1. A carbon dioxide reduction cathode, characterized in that, The invention includes a carbon-based conductive substrate and an indium single-atom catalyst supported on the carbon-based conductive substrate. The indium single-atom catalyst includes a nitrogen-oxygen-doped carbon support and indium single atoms supported on the nitrogen-oxygen-doped carbon support. The indium single atoms are bonded to nitrogen and oxygen through coordination bonds. The preparation method of the indium single-atom catalyst includes the following steps: Dopamine hydrochloride was dissolved in water, and then tris(hydroxymethyl)aminomethane, silicon dioxide, and indium salt were added sequentially. After stirring and reacting, the product was separated by centrifugation. After annealing, the silicon dioxide was removed to obtain the indium single-atom catalyst. The indium single-atom catalyst was In-O2N2SACs. The mass ratio of dopamine hydrochloride to tris(hydroxymethyl)aminomethane is 1:0.9-1; the indium salt includes indium chloride; the annealing temperature is 700-800 ℃, and the annealing time is 1.5-2.5 h.

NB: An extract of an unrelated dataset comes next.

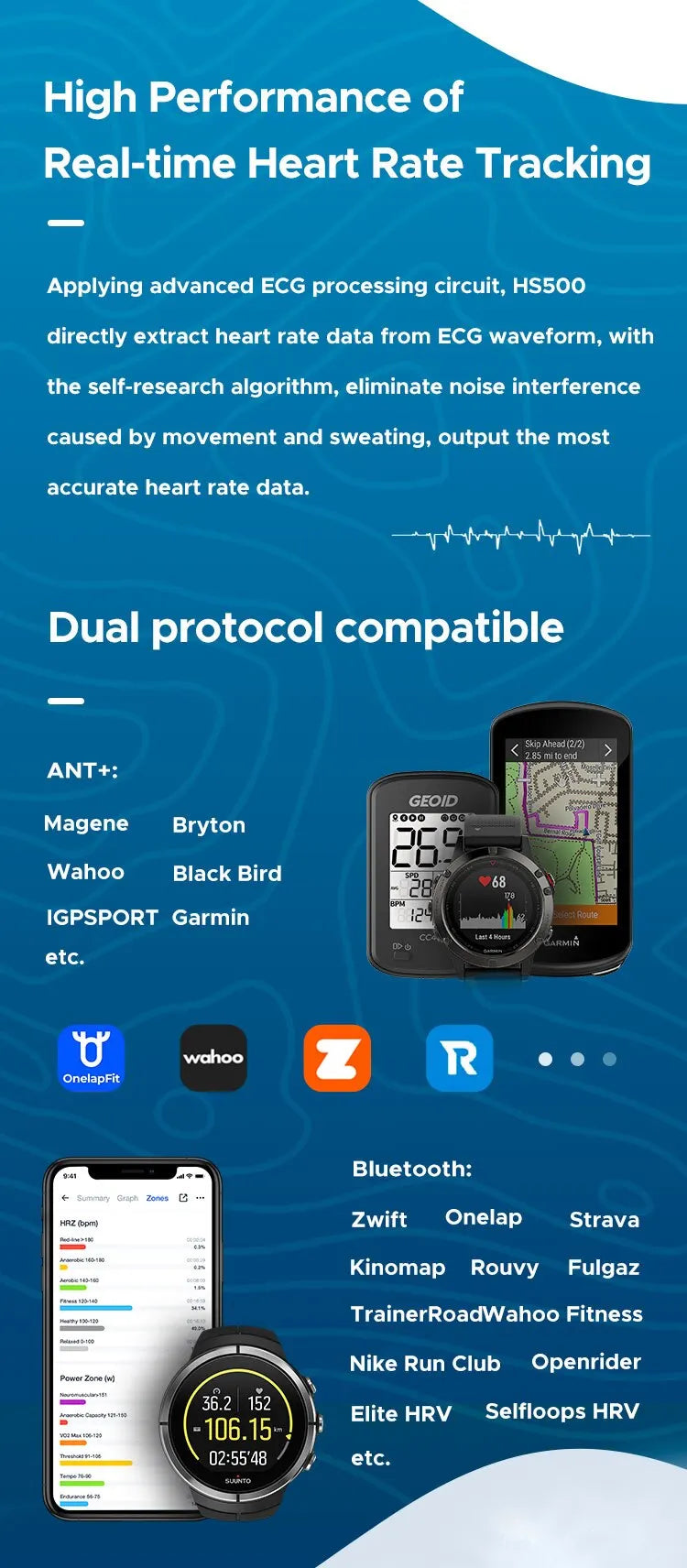 GEOID HS500 Heart Rate Monitor Fitness Equipment Ant Bluetooth Heart Rate Sensor with Chest Strap Tracking LED Light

2. The carbon dioxide reduction cathode as described in claim 1, characterized in that, The indium single-atom catalyst is loaded at a cathode at a concentration of 1-2 mg / cm³. 2 .

3. The carbon dioxide reduction cathode as described in claim 1, characterized in that, The carbon-based conductive substrate includes at least one of hydrophobic carbon paper, carbon cloth, and carbon fiber felt.

4. A method for preparing a carbon dioxide reduction cathode as described in any one of claims 1-3, characterized in that, The process includes the following steps: dispersing an indium single-atom catalyst in an organic solvent containing a perfluorosulfonic acid polymer to prepare an ink, and then dropping the ink onto a carbon-based conductive substrate and drying it to obtain the cathode.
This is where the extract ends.